"Perhaps most importantly, I think it underscores that VCs have to be careful not overestimate near term adoption rates. Just because something is "hot" within the incestuous and self-centered world of Silicon Valley doesn't mean that it is hot elsewhere or even destined to be hot elsewhere."from O' Rielly Radar, talking about RSS feeds and there lack of adoption outside of tech fields. Really pointing onward to here, but the point remains the same.
I see this so much in Biology it isn't funny. I was talking recently to yet another tech transfer office about yet more Biology. The director has a Ph.D. and has published in the bio field. I suggested to the director that setting up an RSS feed of their technologies would help me know when they had something new without them really having to do anything. We were on the phone, so I couldn't see the blank stare, but the response was "I am not familiar with that". I did a bit of explaining, but I don't think I did too well.
Now, Biologists aren't stupid, so that isn't the problem. Tech transfer people aren't stupid, so that isn't the problem. The problem is, I think, that are 10 gazillion things going on in the world and you don't have time for all of them. I can argue, and have argued, that this would save them a bunch of time, but I think that for the most part there is no one there who is too bothered by the current status quo so they don't have any real impetus to change. They go to AUTM meetings and say that they are unhappy, but there doesn't seem to be a real impetus.
I still get so many invites to join email lists with offices saying "latest greatest" (U. Florida being the most recent example), and I really sort of pause, think about how it works on the Computer side of things, and just shake my head. Email lists were a good invention in the mid 90's, and I was subsribed to a lot while doing informatics in grad school, but we are in 2005 now...
Sort of depressing really to know what could be, yet getting people to do something new is hard. My uncle claims, and acts this way, that if you want to upgrade his software that whatever you want him to use ( and learn how to use) better be 10 times better. If it isn't, he won't be bothered to learn it.

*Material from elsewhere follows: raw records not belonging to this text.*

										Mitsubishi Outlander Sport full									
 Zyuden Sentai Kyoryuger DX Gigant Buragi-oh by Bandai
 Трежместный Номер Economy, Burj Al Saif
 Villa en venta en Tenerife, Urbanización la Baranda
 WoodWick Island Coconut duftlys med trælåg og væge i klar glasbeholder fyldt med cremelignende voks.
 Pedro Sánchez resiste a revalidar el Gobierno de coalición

I suffer from Shiny shiny disease, and want all new all the time, but I have to keep in mind that many don't. For me the number is more like 1.5X better and I will shift.
RSS feeds for Technology transfer offices would help me. Do other Bus Dev people have my disease, and would it help them? I don't know. Half of our marketing department knows what Blogs are and what RSS is. Our VP in charge knows what they are. R+D folks, not a full survey, but under 1/2 know (of the ones I asked). The younger the person, the more likely they know. Unfortunatly, the younger the person the less senior they are, so you will only get to target the non-decision makers.
I guess I should continue to pray for indexable web pages and hold out for RSS feeds later.